In the fortnight after the poll, British Transport Police recorded 119 incidents including allegations of racist abuse and attacks at stations - equivalent to eight every day, The Press Association reported.
The number of alleged race hate offences logged by the force between 24 June and 7 July amounts to a 57% increase compared with the previous two weeks - and an even sharper rise of 78% on the equivalent period last year.
- There were 11 alleged race hate offences on June 25 - the day after the outcome of the vote was announced.
- Public order crimes were the most commonly recorded incidents, with dozens of suspects said to have made racist comments towards passengers or staff.
- In one episode at Hastings station in East Sussex on June 26, a suspect allegedly shouted at a victim who was speaking in Polish.
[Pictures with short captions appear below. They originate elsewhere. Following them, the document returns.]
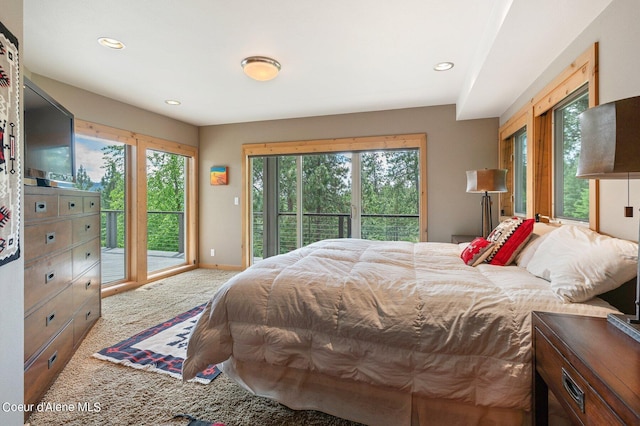 bedroom with carpet flooring, multiple windows, and access to outside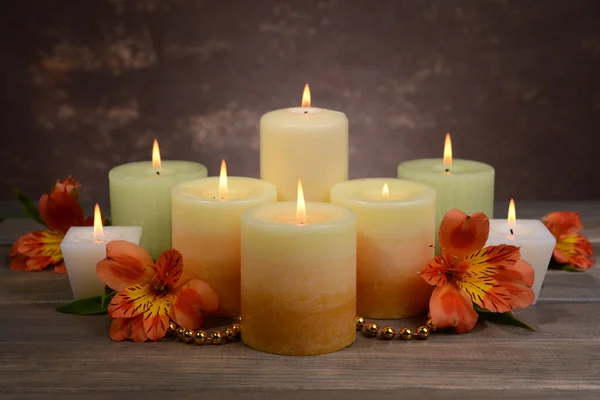 Mooie kaarsen met bloemen op tafel op bruine achtergrond — Stockfoto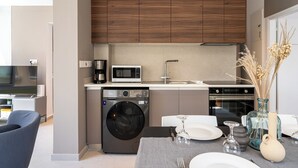 A modern kitchen with wooden cabinets, a washing machine, a microwave, and a sink. - Cloudwalk 1- BR Apartment in Larnaca (Larnaca)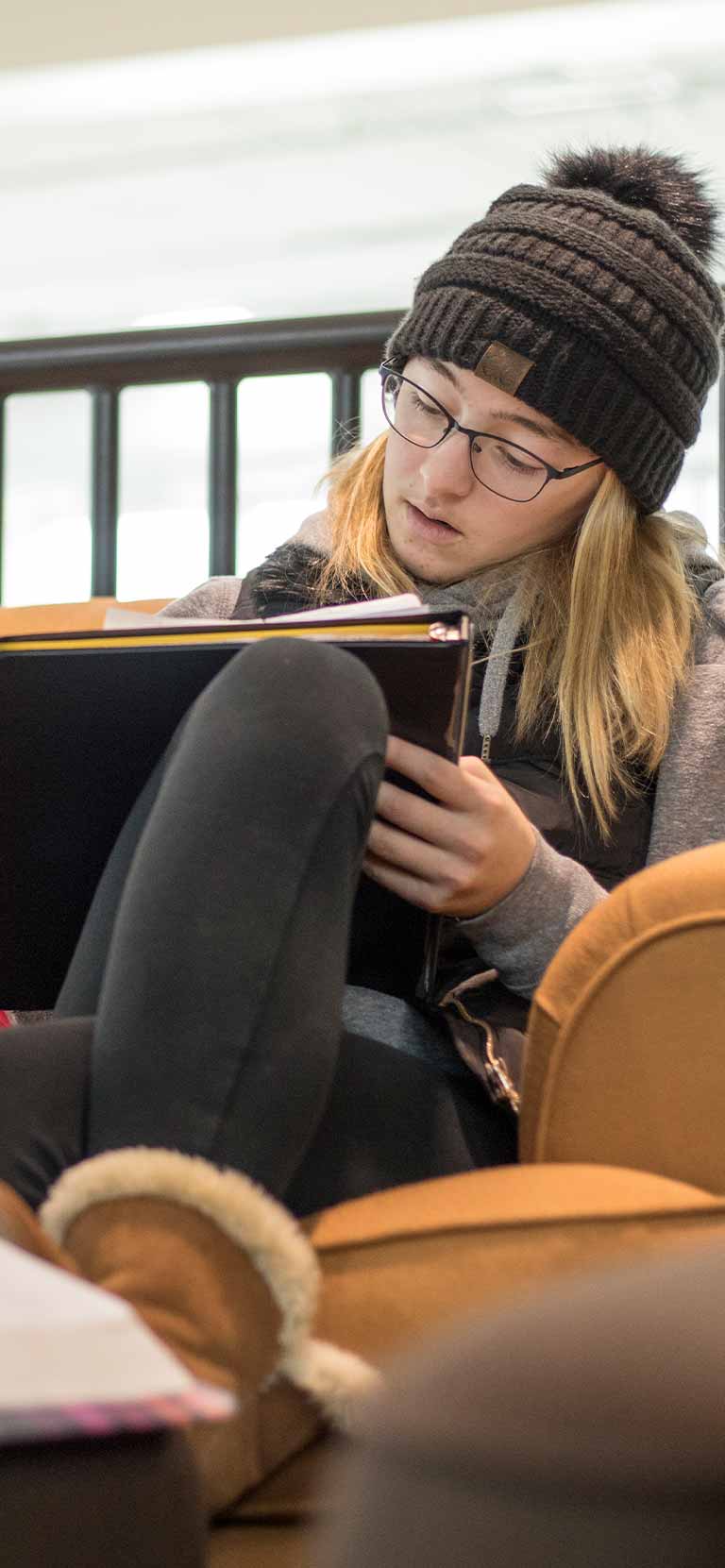 Student working on a notebook in the student center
- There were three alleged instances of racially or religiously aggravated actual bodily harm, including one in which the victim was “perceived to be attacked due to their nationality”.
- At the time the FOI response was issued earlier this month, 22 people had been arrested in relation to the cases recorded in the fortnight after the referendum was held.
“These latest figures are very worrying, and they highlight the continuing need for staff presence at stations and on board trains.”
“We consistently hear from victims that one of the reasons they do not report incidents is a lack of confidence in authorities to deal with the issue.
“We would encourage BTP to look closely at the type of incidents being reported and take the opportunity to assess how effective their hate crime strategies are.”
BTP polices Britain’s railways as well as a number of urban networks such as London Underground.
Superintendent Chris Horton, of BTP, said: “Hate crime is totally unacceptable and has no place in society or on the rail network.
“We are aware that hate crime is under-reported and so in order to tackle it effectively, we need the public to stand up to those committing these sickening acts and report it to us. We will take every report seriously.
“We will always work tirelessly to ensure those who threaten or intimidate passengers are brought to justice.”
Last month it was revealed that more than 6,000 alleged hate crimes and incidents were reported to police in England, Wales and Northern Ireland in the four weeks from the middle of June. There was a slight fall after an initial spike, but the volume of reports was still around a third higher than the equivalent period last year.
Ministers have launched a new hate crime action plan, including steps to tackle offences perpetrated on public transport.